DEP: Deprecate boolean array indices with non-matching shape #4353
Hi All, I've not strong feelings one way or the other on this proposed deprecation for numpy 1.10 and would like some feedback from interested users. Chuck
On Thu, Jun 4, 2015 at 6:26 PM, Charles R Harris
Hi All,
I've not strong feelings one way or the other on this proposed deprecation for numpy 1.10 and would like some feedback from interested users.

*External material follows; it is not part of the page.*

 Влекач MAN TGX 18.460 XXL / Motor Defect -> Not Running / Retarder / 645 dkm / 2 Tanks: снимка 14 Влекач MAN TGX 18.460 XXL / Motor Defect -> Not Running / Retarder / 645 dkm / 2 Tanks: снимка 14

Umm, link is #4353 https://github.com/numpy/numpy/pull/4353. Chuck
So specifically the question is -- if you have an array with five items,
and a Boolean array with three items, then currently you can use the later
to index the former:
arr = np.arange(5)
mask = np.asarray([True, False, True])
arr[mask] # returns array([0, 2])
This is justified by the rule that indexing with a Boolean array should be
the same as indexing with the same array that's been passed to
np.nonzero(). Empirically, though, this causes constant confusion and does
not seen very useful, so the question is whether we should deprecate it.
-n
On Jun 4, 2015 5:30 PM, "Charles R Harris"

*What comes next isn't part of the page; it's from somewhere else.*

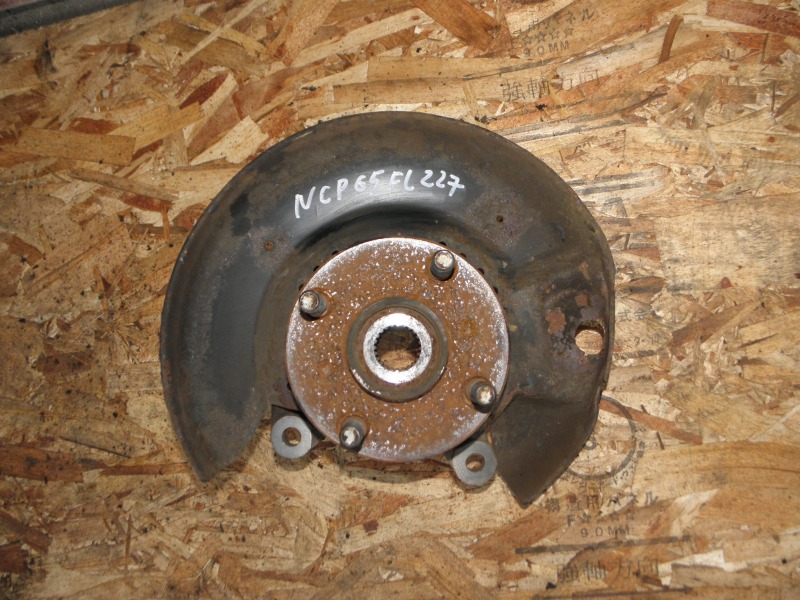 Ступица Toyota Ist NCP65 1NZFE 2003 передняя левая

On Thu, Jun 4, 2015 at 6:26 PM, Charles R Harris < charlesr.harris@gmail.com> wrote:
Hi All,
I've not strong feelings one way or the other on this proposed deprecation for numpy 1.10 and would like some feedback from interested users.
Umm, link is #4353 https://github.com/numpy/numpy/pull/4353.
Chuck
_______________________________________________ NumPy-Discussion mailing list NumPy-Discussion@scipy.org http://mail.scipy.org/mailman/listinfo/numpy-discussion
On Thu, Jun 4, 2015 at 5:57 PM, Nathaniel Smith
So specifically the question is -- if you have an array with five items, and a Boolean array with three items, then currently you can use the later to index the former:
arr = np.arange(5) mask = np.asarray([True, False, True]) arr[mask] # returns array([0, 2])
This is justified by the rule that indexing with a Boolean array should be the same as indexing with the same array that's been passed to np.nonzero(). Empirically, though, this causes constant confusion and does not seen very useful, so the question is whether we should deprecate it.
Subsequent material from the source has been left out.